1058654 – systemd kills and restarts postgrey repeatedly

Bug 1058654 - systemd kills and restarts postgrey repeatedly

Summary: systemd kills and restarts postgrey repeatedly

Keywords:
Status:	CLOSED ERRATA
Alias:	None
Product:	Fedora
Classification:	Fedora
Component:	postgrey
Sub Component:
Version:	20
Hardware:	x86_64
OS:	Linux
Priority:	unspecified
Severity:	high
Target Milestone:	---
Assignee:	Christopher Meng
QA Contact:	Fedora Extras Quality Assurance
Docs Contact:
URL:
Whiteboard:
Duplicates (1):	1059738 (view as bug list)
Depends On:
Blocks:
TreeView+	depends on / blocked

Reported:	2014-01-28 09:44 UTC by Joel Uckelman
Modified:	2014-02-15 06:57 UTC (History)
CC List:	5 users (show)
Fixed In Version:	postgrey-1.34-12.fc20
Clone Of:	1055638
Environment:
Last Closed:	2014-02-15 06:57:30 UTC
Type:	Bug
Embargoed:
Dependent Products:

Attachments	(Terms of Use)

Description Joel Uckelman 2014-01-28 09:44:38 UTC

Description of problem:

When I start postgrey with 'systemctl start postgrey', it looks like systemd starts and then systemd kills it, over and over again several times per minute.

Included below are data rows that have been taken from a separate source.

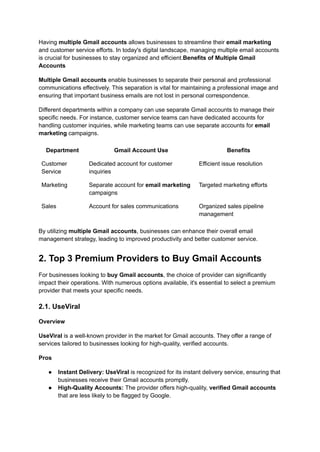 Having multiple Gmail accounts allows businesses to streamline their email marketing
and customer service efforts. In today's digital landscape, managing multiple email accounts
is crucial for businesses to stay organized and efficient.Benefits of Multiple Gmail
Accounts
Multiple Gmail accounts enable businesses to separate their personal and professional
communications effectively. This separation is vital for maintaining a professional image and
ensuring that important business emails are not lost in personal correspondence.
Different departments within a company can use separate Gmail accounts to manage their
specific needs. For instance, customer service teams can have dedicated accounts for
handling customer inquiries, while marketing teams can use separate accounts for email
marketing campaigns.
Department Gmail Account Use Benefits
Customer
Service
Dedicated account for customer
inquiries
Efficient issue resolution
Marketing Separate account for email marketing
campaigns
Targeted marketing efforts
Sales Account for sales communications Organized sales pipeline
management
By utilizing multiple Gmail accounts, businesses can enhance their overall email
management strategy, leading to improved productivity and better customer service.
2. Top 3 Premium Providers to Buy Gmail Accounts
For businesses looking to buy Gmail accounts, the choice of provider can significantly
impact their operations. With numerous options available, it's essential to select a premium
provider that meets your specific needs.
2.1. UseViral
Overview
UseViral is a well-known provider in the market for Gmail accounts. They offer a range of
services tailored to businesses looking for high-quality, verified accounts.
Pros
●​ Instant Delivery: UseViral is recognized for its instant delivery service, ensuring that
businesses receive their Gmail accounts promptly.
●​ High-Quality Accounts: The provider offers high-quality, verified Gmail accounts
that are less likely to be flagged by Google.
 
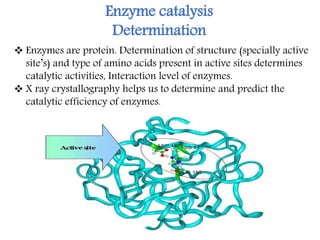 Enzyme catalysis
Determination
 Enzymes are protein. Determination of structure (specially active
site’s) and type of amino acids present in active sites determines
catalytic activities, Interaction level of enzymes.
 X ray crystallography helps us to determine and predict the
catalytic efficiency of enzymes.
 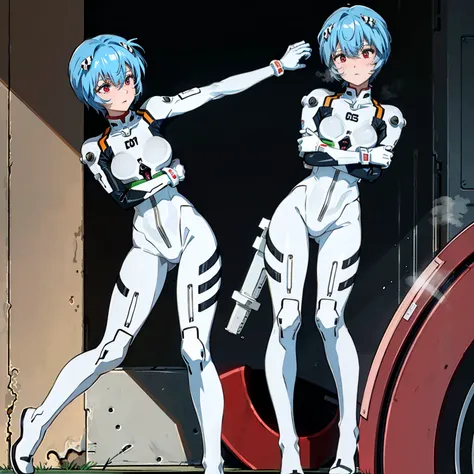 ((Highest quality, 8k wallpaper)),(masterpiece, Highest quality),Very detailed,High resolution,(Official Art:1.3),(((Anime screenshots,Black outline))),One girl,alone, Break mer1,(Rei Ayanami {Neon Genesis Evangelion,}1.2),masterpiece, best quality, outdoo...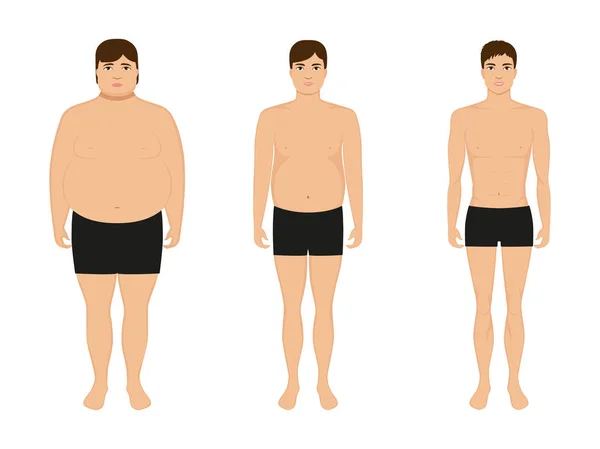 Pérdida de peso masculina, hombre adelgazante, cuerpo después de la dieta — Archivo Imágenes Vectoriales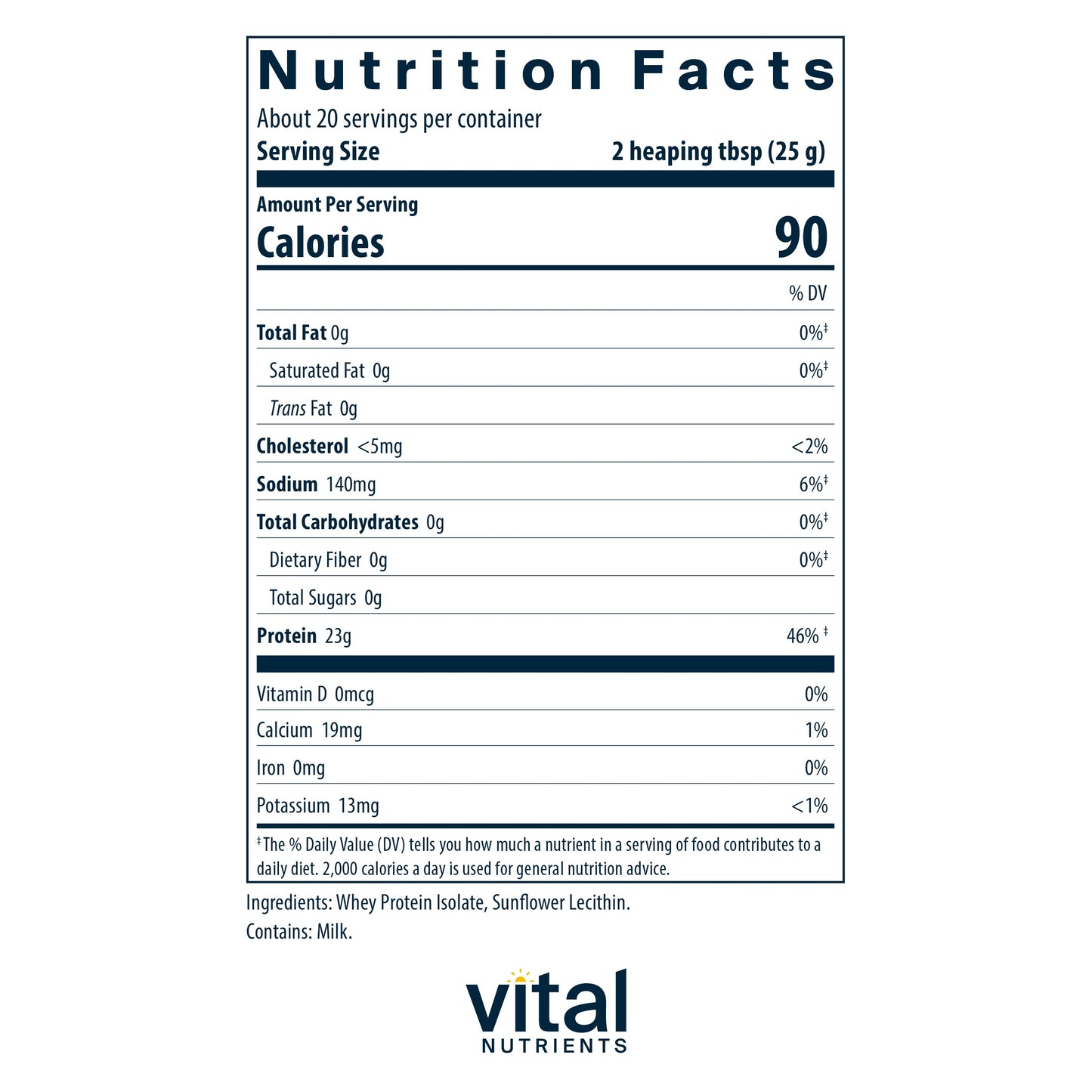 Vital Nutrients - ProWhey - Whey Protein Beverage Mix - Plain - 500 Grams per Bottle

Here's a single cycle of what I see in /var/log/messages:

Jan 28 10:35:36 localhost systemd: Starting Postfix Greylisting Service...
Jan 28 10:35:36 localhost postgrey: 2014/01/28-10:35:36 postgrey (type Net::Server::Multiplex) starting! pid(26215)
Jan 28 10:35:36 localhost postgrey: Binding to UNIX socket file "/var/spool/postfix/postgrey/socket"
Jan 28 10:35:36 localhost postgrey: Setting gid to "991 991"
Jan 28 10:35:36 localhost postgrey: Setting uid to "993"
Jan 28 10:35:41 localhost systemd: postgrey.service operation timed out. Terminating.
Jan 28 10:35:41 localhost postgrey: 2014/01/28-10:35:41 Server closing!
Jan 28 10:35:41 localhost systemd: Failed to start Postfix Greylisting Service.
Jan 28 10:35:41 localhost systemd: Unit postgrey.service entered failed state.
Jan 28 10:35:42 localhost systemd: postgrey.service holdoff time over, scheduling restart.
Jan 28 10:35:42 localhost systemd: Stopping Postfix Greylisting Service...

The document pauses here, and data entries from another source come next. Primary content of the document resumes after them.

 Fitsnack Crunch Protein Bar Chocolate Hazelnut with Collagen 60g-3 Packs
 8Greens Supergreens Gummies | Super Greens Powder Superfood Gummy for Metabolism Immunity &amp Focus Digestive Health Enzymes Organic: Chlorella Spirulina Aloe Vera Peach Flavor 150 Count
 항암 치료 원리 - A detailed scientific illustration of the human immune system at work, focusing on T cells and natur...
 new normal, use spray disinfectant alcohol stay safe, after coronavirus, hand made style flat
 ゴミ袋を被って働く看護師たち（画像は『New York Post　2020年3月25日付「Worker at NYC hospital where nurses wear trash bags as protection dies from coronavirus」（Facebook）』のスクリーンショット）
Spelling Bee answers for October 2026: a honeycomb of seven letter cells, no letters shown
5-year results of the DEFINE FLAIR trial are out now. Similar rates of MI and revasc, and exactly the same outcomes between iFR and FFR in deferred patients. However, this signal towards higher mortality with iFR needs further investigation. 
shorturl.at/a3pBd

As far as I can tell, postgrey is starting up just fine, so it's unclear to me what's going on. I don't see the pidfile at /var/run/postgrey.pid---if that's not being written, is that causing systemd thinks postgrey didn't start?

Version-Release number of selected component (if applicable):

postgrey-1.34-11.fc20.noarch

How reproducible:

every time

Steps to Reproduce:
1. systemctl start postgrey
2.
3.

Actual results:

postgrey starts and is killed and starts and is killed...

Expected results:

postgrey should start once

Additional information:

I didn't have this problem in Fedora 19, but I'm not sure what version of postgrey I had there.

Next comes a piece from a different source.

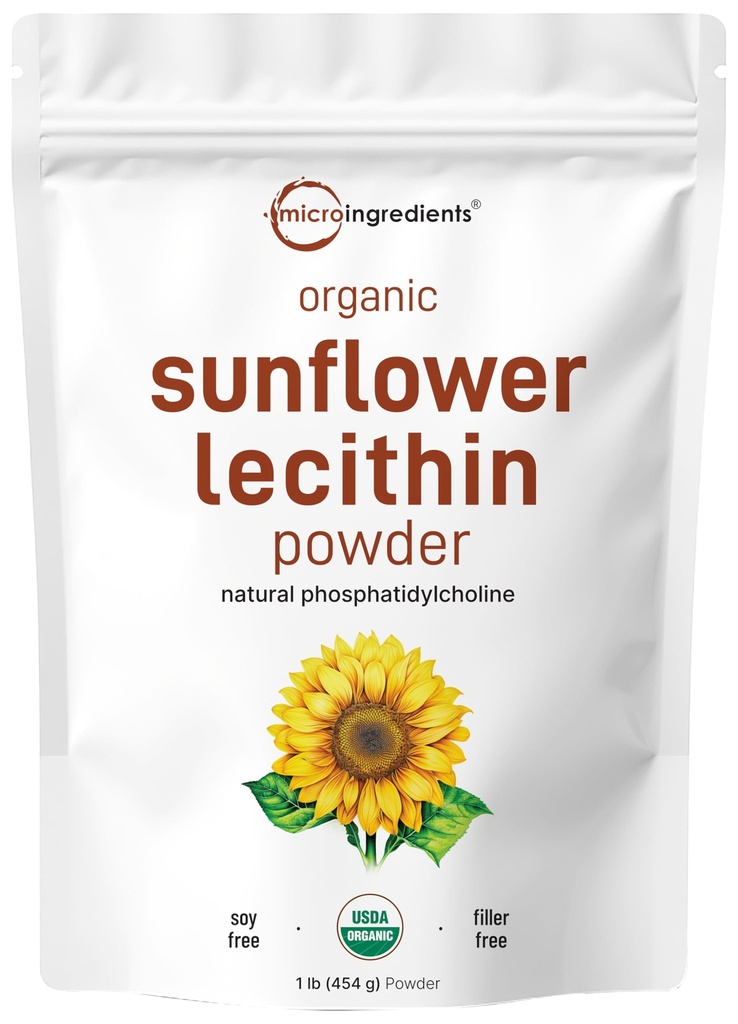Mikroingredienser Organisk Solsikke Lecithin pulver, 1 Pund, bæredygtigt opvarmet, kold presset, Rich i Phosphatidyl cholin og protein, gør Liposomal C-vitamin, Amning supplement, Non- GMO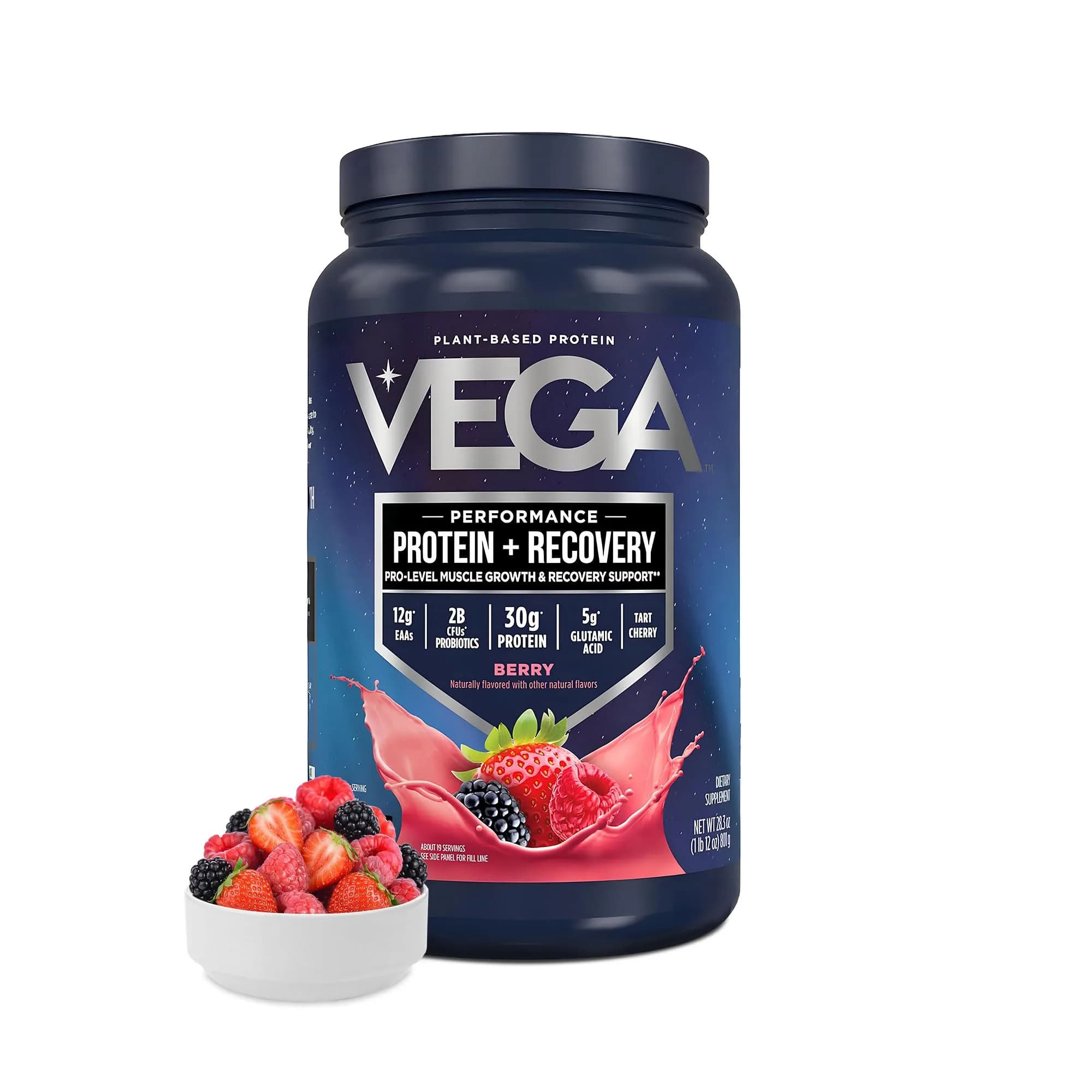 Vega Protein + Recovery Vanilla 816g (28.8 oz) | NSF Certified Plant-Based Protein for Muscle Recovery — Berry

Comment 1 Christopher Meng 2014-01-28 10:09:41 UTC

I do change the service file with more strict rules for f20+.

One of the modification in the service file:

+TimeoutSec=5

This will try to restart the service if timed out. I'm not sure why you failed to start the service. 

Looking into the log I saw that it was trying to setuid and gid, yes I added these in f20, I thought it was useful but now it seems that there probably exists a problem... 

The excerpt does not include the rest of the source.